## [SUPPLIED INFORMATION]
= = = = =

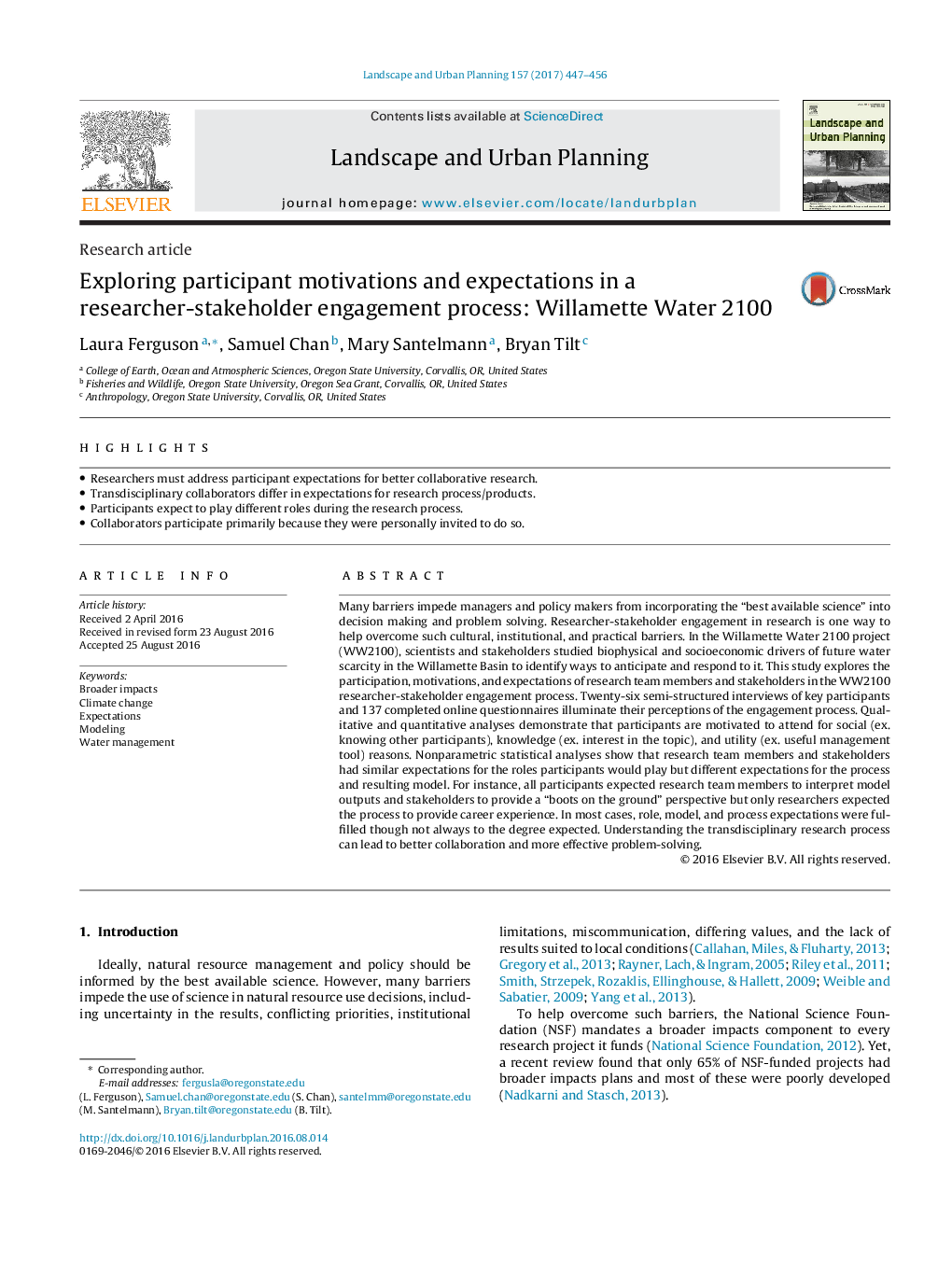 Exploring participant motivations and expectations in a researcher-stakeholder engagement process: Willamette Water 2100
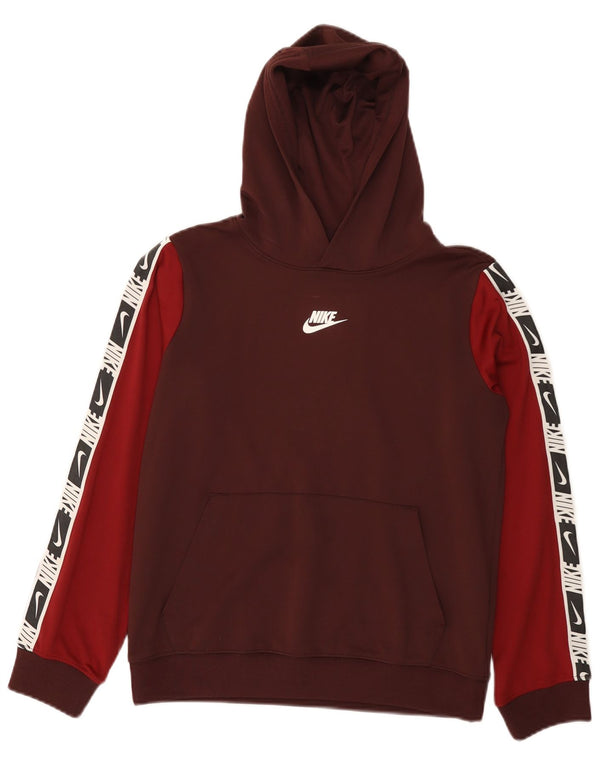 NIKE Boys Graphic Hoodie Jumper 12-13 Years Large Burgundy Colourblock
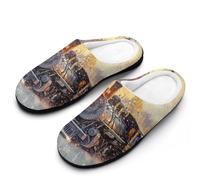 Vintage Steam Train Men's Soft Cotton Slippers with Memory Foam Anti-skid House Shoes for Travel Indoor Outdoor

= = = = =

## [TASK ITEM]
Line by line, output the material above exactly, passing over the pictures.

## [EXPECTED ANSWER]
 Exploring participant motivations and expectations in a researcher-stakeholder engagement process: Willamette Water 2100
 NIKE Boys Graphic Hoodie Jumper 12-13 Years Large Burgundy Colourblock
 Vintage Steam Train Men's Soft Cotton Slippers with Memory Foam Anti-skid House Shoes for Travel Indoor Outdoor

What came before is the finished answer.